• _Task instructions_: If a line of the data below contains the string "with", copy it into your answer.

• _Recorded information_:
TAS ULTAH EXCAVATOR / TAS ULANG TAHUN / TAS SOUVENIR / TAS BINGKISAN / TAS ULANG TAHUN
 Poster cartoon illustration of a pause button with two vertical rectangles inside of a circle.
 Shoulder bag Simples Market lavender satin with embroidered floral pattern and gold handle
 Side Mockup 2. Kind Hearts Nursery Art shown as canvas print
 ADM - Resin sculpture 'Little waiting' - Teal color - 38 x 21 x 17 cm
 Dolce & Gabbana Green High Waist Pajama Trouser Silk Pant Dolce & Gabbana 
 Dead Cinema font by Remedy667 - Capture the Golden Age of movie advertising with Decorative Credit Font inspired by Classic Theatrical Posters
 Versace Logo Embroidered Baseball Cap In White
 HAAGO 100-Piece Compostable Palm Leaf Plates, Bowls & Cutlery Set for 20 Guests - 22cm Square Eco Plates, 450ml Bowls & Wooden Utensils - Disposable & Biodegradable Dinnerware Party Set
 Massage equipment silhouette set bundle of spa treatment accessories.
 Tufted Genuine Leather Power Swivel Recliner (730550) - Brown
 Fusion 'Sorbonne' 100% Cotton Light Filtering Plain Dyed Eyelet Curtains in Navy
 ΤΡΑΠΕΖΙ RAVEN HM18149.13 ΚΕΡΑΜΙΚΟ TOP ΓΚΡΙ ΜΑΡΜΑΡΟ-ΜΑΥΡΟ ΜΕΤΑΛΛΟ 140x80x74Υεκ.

• _Finished task_:
 Poster cartoon illustration of a pause button with two vertical rectangles inside of a circle.
 Shoulder bag Simples Market lavender satin with embroidered floral pattern and gold handle
 Dead Cinema font by Remedy667 - Capture the Golden Age of movie advertising with Decorative Credit Font inspired by Classic Theatrical Posters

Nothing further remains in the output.